Mogobe Ramose (born 1944) is a South African philosopher. He was born in the North West Province of South Africa and grew up under the apartheid system, which enforced racial segregation and denied Black South Africans basic rights. He studied philosophy in South Africa, Belgium, and the Netherlands, and has taught at universities in South Africa and across Africa. He is best known for his philosophical work on ubuntu, an African philosophical concept that he has developed into a full philosophical system, and for his arguments that African philosophy is a genuine and legitimate philosophical tradition. He has also written about the philosophy of law, the concept of sovereignty, and the moral case for reparations for colonialism and apartheid.
Ramose matters for several connected reasons. He has developed ubuntu, often dismissed as just a slogan or a vague cultural idea, into a rigorous philosophical system. He has argued powerfully that African philosophy is not a junior version of Western philosophy but an independent tradition with its own questions, methods, and insights. He has engaged with some of the most difficult questions in postcolonial Africa: what is owed to people who suffered under colonialism and apartheid? What would genuine justice look like? His work challenges the assumption that philosophy is primarily a Western activity and that African intellectual traditions can at most be studied as ethnography rather than as philosophy.
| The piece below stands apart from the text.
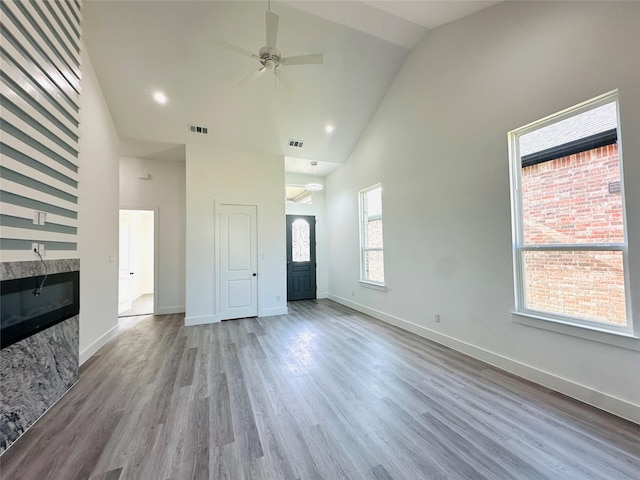 unfurnished living room featuring high vaulted ceiling and a wealth of natural light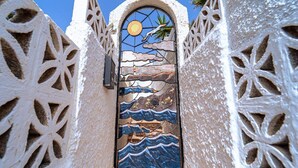 A doorway with intricate white carvings and a stained glass window depicting a sun, clouds, palm tree, and waves.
The best starting point is Ramose's own work: African Philosophy Through Ubuntu (1999, Mond Books) is his main philosophical text. For an accessible introduction to ubuntu philosophy more broadly: the Ubuntu Philosophy chapter in Thaddeus Metz's Africa and Moral Theory provides a clear overview. The South African Journal of Philosophy publishes freely accessible articles on African philosophy.
Mogobe Ramose's essays collected in Essays in Post-Colonial African Philosophy (2009) address ubuntu in relation to sovereignty, reparations, and African governance. Thaddeus Metz's A Moral Theory from African Values (Oxford University Press) engages rigorously with ubuntu ethics. Kwame Gyekye's Tradition and Modernity (1997, Oxford University Press) offers an alternative perspective within African communitarianism.
Ubuntu is a vague slogan without serious philosophical content.
Ubuntu has been used as a marketing slogan, which has contributed to the impression that it lacks serious content. But Ramose and other African philosophers have developed ubuntu into a rigorous philosophical system addressing questions of ethics, political philosophy, epistemology, and metaphysics. His book African Philosophy Through Ubuntu presents a systematic philosophical account of ubuntu that engages with the Western philosophical tradition at the highest level of rigour.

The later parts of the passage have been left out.